As mentioned above, the class-imbalance between positive and negative instances remains problematic. To reflect this during the evaluation, we perform randomized re-sampling (cf. Japkowicz/Shaju, 2002) with replacement on the training data which allows us to artificially adjust the spread between two classes. Table 2 contains the evaluation results for different spreads using Random Forests (Breiman, 2001) for classification. The more uniform the distribution of both classes and thus the lower the spread, the better the results. With the best setting (spread = 1:2), we are able to achieve a balanced result with a high F 1-score of 81.4%.
tab. 2: Evaluation results for different spreads
Overall, the high performance confirms our hypothesis that breaking the complex task of predicting order phenomena into more manageable sub-steps yields promising results.
Nevertheless, we expect that even more complex narrative phenomena can be automatically annotated in the future. As simple narrative concepts have now been tackled successfully, their annotations could be exploited as features to predict more complex phenomena.

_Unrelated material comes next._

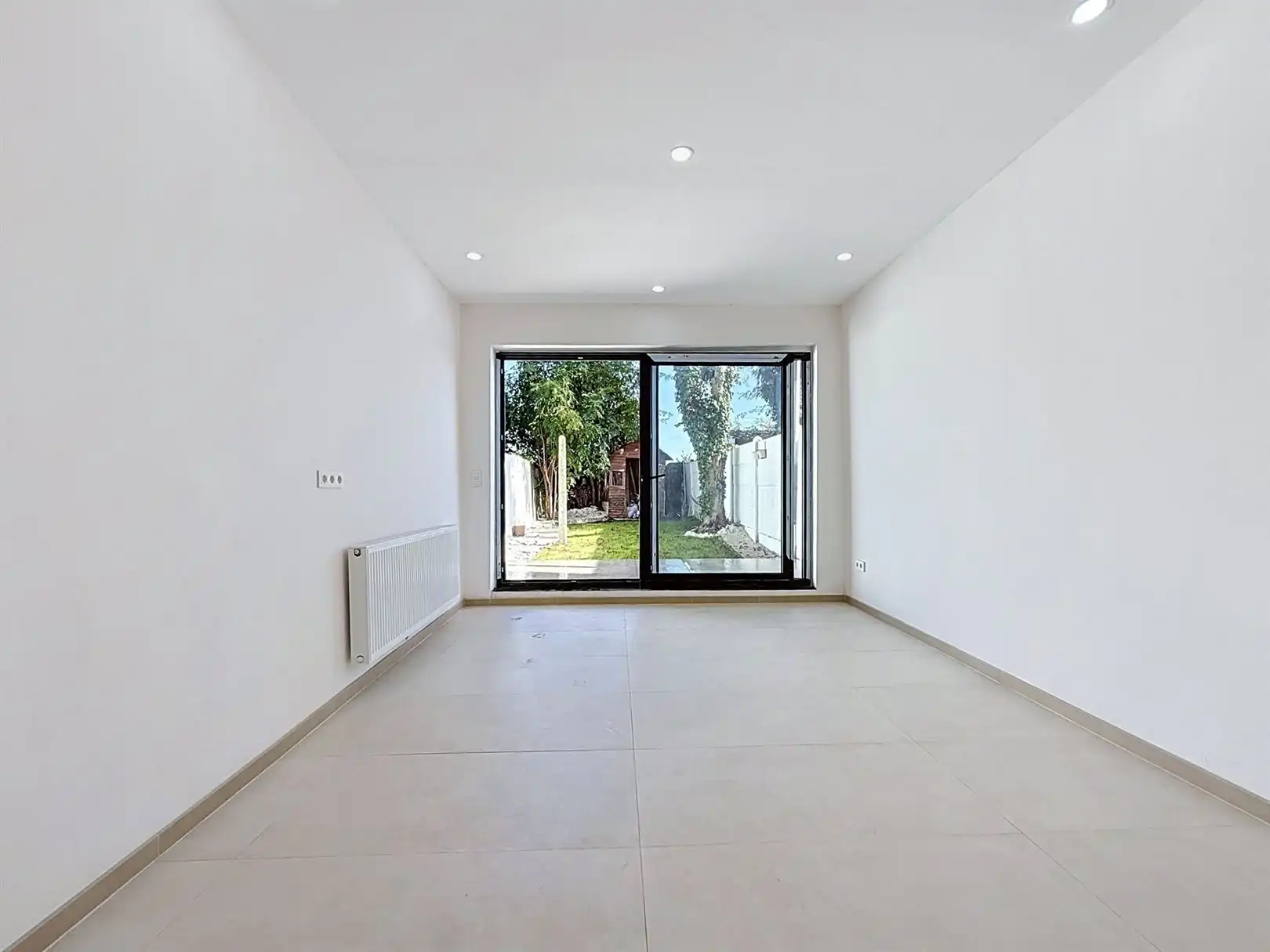 Gerenoveerde rijwoning, 4 slpks, 2 bdks, terras en tuin foto 15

Our aim to automate the annotation not only of basic and rather straightforward linguistically encoded temporal aspects like tense and temporal signals (cf. Bögel et al., 2014; Bögel et al., 2015b), but also of more complex phenomena like order in heureCLÉA was a long shot. However, by cautiously reducing the concept’s complexity in active dialogue between computer scientists and literary scholars, we were not only able to yield good annotation results, but also to end up with a concept that is still of value for literary scholars: while deviations from the chronological presentation of a story cannot be automatically predicted in as much detail as in manual annotation, the automated functionality still serves as a robust heuristic pointing to temporally interesting passages upon which literary scholars can base their in-depth analyses and interpretations. By finding a way to include consideration of narrative levels in the automation, the original order concept was not compromised with regards to its conceptual key features. The transformation from order to order switch is therefore yet another example of successful collaboration between literary scholars and computer scientists in heureCLÉA (cf. Gius/Jacke, 2015b): only a frequent exchange between the involved parties can yield results satisfactory to both sides. We are optimistic that this kind of collaboration has the potential to achieve a functional automated annotation of even more complex narrative phenomena – provided that the phenomena in question are of the kind that their analysis allows for a certain degree of inter-annotator agreement. 2
tense of target
tense of target -1
same tense for target&target -1?
target contains imperative?
target -1 contains imperative
target starts direct speech?
target -1 starts direct speech?
target within direct speech?
target -1 within direct speech?
target occurs after paragraph boundary?
target is at beginning/end of sentence?
length of target relative to entire sentence
target contains temporal signal?
target starts with temporal signal?
string of temporal signal
first token of temporal signal
preposition of temporal signal
last token of temporal signal
target in conjunctive mood?
target -1 contains utterance verb?
This precondition may be the critical factor in some automation attempts, e.g., the automated annotation of free indirect discourse that lacks a sufficient amount of reliable indicators (cf. Brunner, 2013). Its determination is rather interpretation-dependent and thus the phenomenon is barely qualified for high inter-annotator agreement.